The battles the book covers are, of course, the invasion of Poland, the Battle of Britain, the breaking of the German-Soviet Pact, and the attack on Pearl Harbor. It also discusses Lend-Lease.
The sequel, War and Remembrance, opens with an Author’s Note that says that both books are intended to be read together, but that they can be read independently. Despite Wouk’s assurance to the contrary, there are so many things alluded to in the story from its predecessor that difficult to imagine reading this without having read the other.
As with Winds, the characters we are meant to feel sorry for are often ones we feel great anger towards. Many of their predicaments are of their own making. A real life example is the boy who is told to come straight home from school, but, instead, makes a detour. On his way, he is kidnapped, then murdered. It’s tragic, but it was a tragedy of his own making.
The battles this book covers are many. Here are but a few: Stalingrad, Midway, Tassafaronga, and Leyte Gulf. Most importantly, this book details the beginnings of the final solution in Oswiecim (Auschwitz) and the history of Theresienstadt. Whenever the characters refer to Auschwitz (the German name), it is always by the proper Polish name of Oswiecim (for a good history on the camp, I recommend this book).

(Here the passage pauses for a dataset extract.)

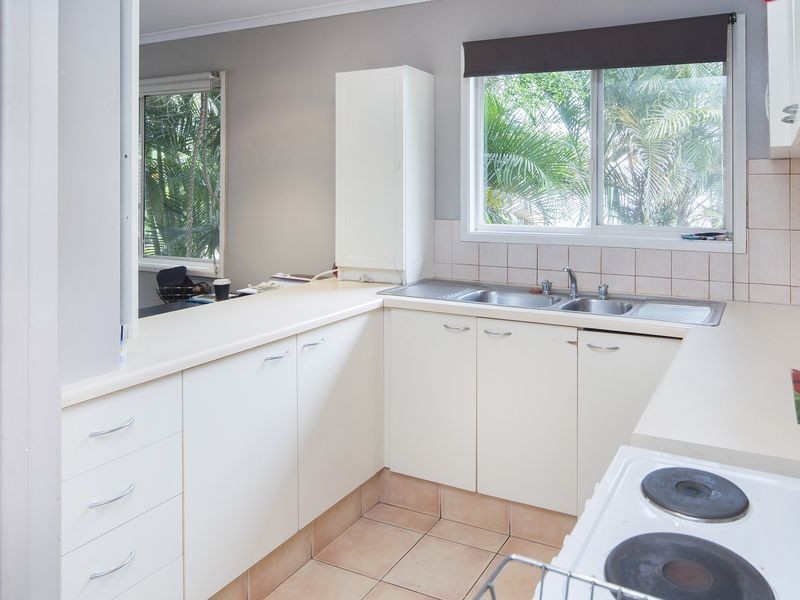 22 Bundarra Street, Coombabah QLD 4216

There are times in these romances, for that is really what they are, that Wouk brings the readers into the minds of the characters through journal entries and letters. This helps to enforce the brutality of the story. Even more so when we keep in mind that there are people alive who still remember the conditions of which Wouk wrote about, both those who suffered under them, and those who committed the atrocities. These are important pieces of literature, and they must be read as a whole to be fully appreciated.